Supplied information: Begin
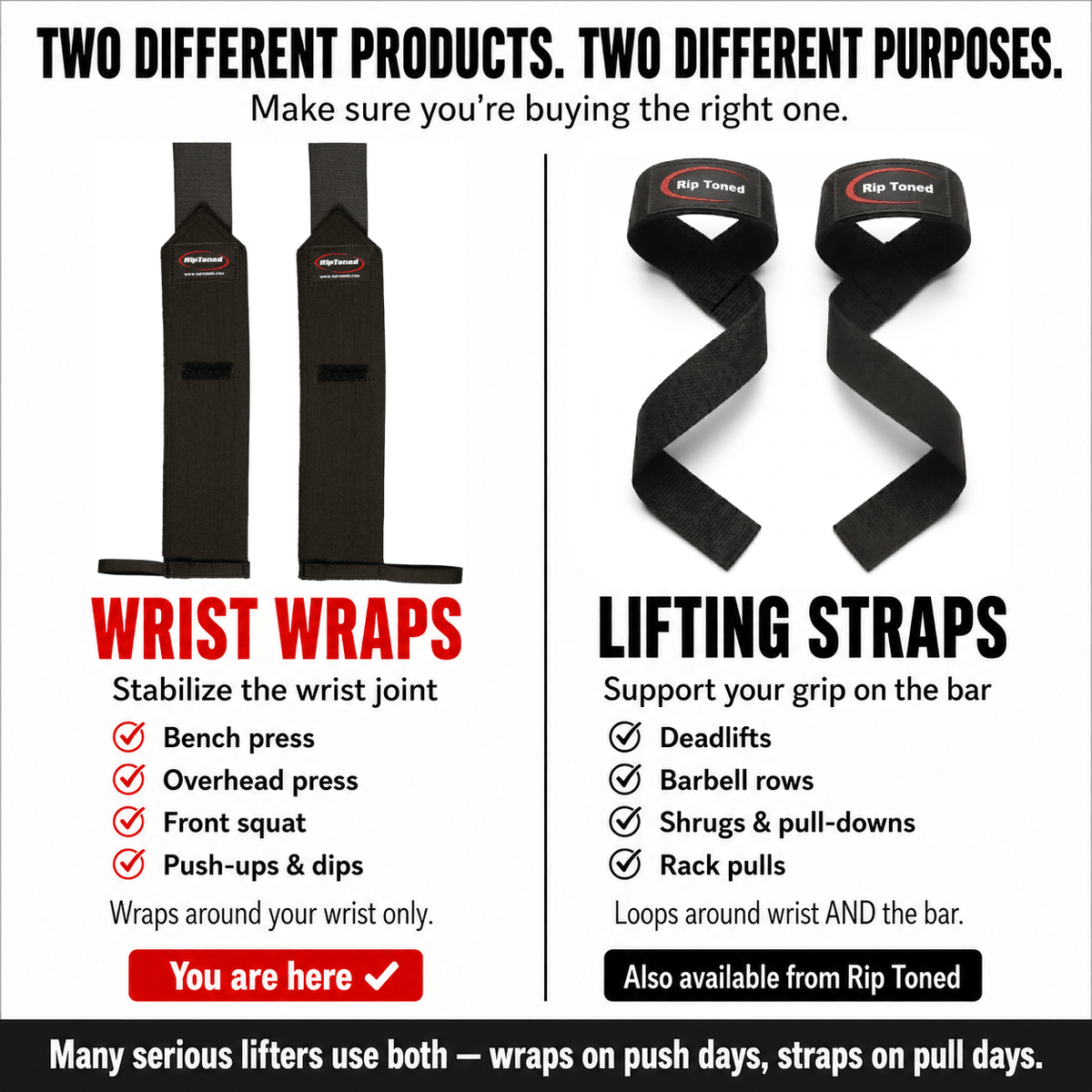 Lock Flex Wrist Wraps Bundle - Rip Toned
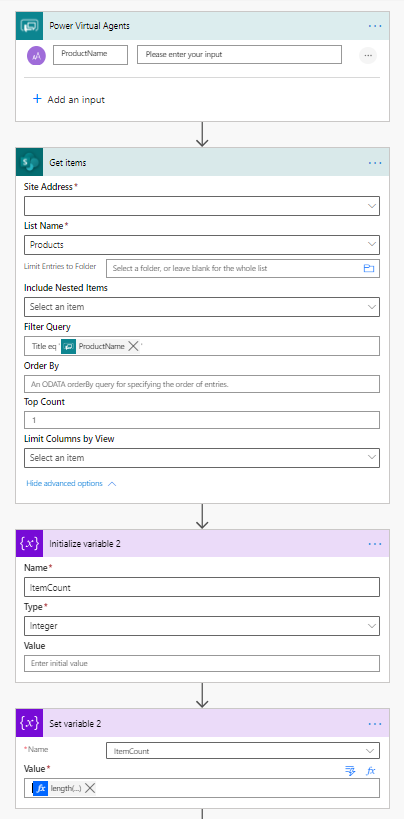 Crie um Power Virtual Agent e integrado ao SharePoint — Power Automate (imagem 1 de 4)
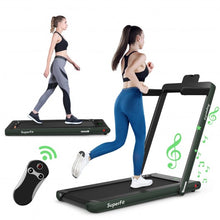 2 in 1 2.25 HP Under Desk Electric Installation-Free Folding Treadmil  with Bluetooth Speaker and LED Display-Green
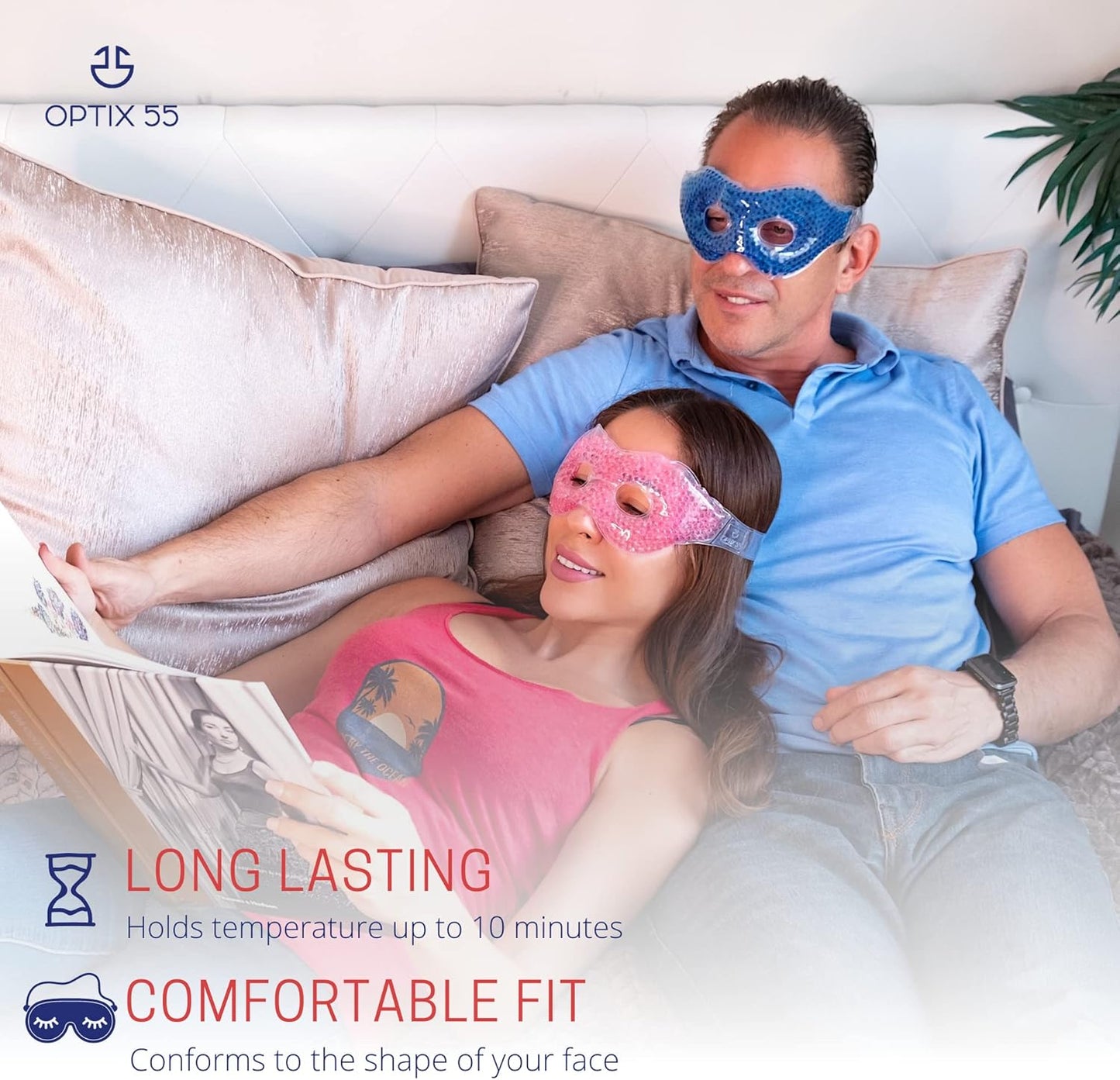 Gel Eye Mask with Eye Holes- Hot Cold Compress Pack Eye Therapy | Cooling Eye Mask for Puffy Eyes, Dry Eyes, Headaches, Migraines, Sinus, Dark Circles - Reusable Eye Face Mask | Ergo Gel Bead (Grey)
Supplied information: End
• Task item:
All of the material above should be reproduced exactly, except the pictures.

• Task output:
 Lock Flex Wrist Wraps Bundle - Rip Toned
 Crie um Power Virtual Agent e integrado ao SharePoint — Power Automate (imagem 1 de 4)
 2 in 1 2.25 HP Under Desk Electric Installation-Free Folding Treadmil  with Bluetooth Speaker and LED Display-Green
 Gel Eye Mask with Eye Holes- Hot Cold Compress Pack Eye Therapy | Cooling Eye Mask for Puffy Eyes, Dry Eyes, Headaches, Migraines, Sinus, Dark Circles - Reusable Eye Face Mask | Ergo Gel Bead (Grey)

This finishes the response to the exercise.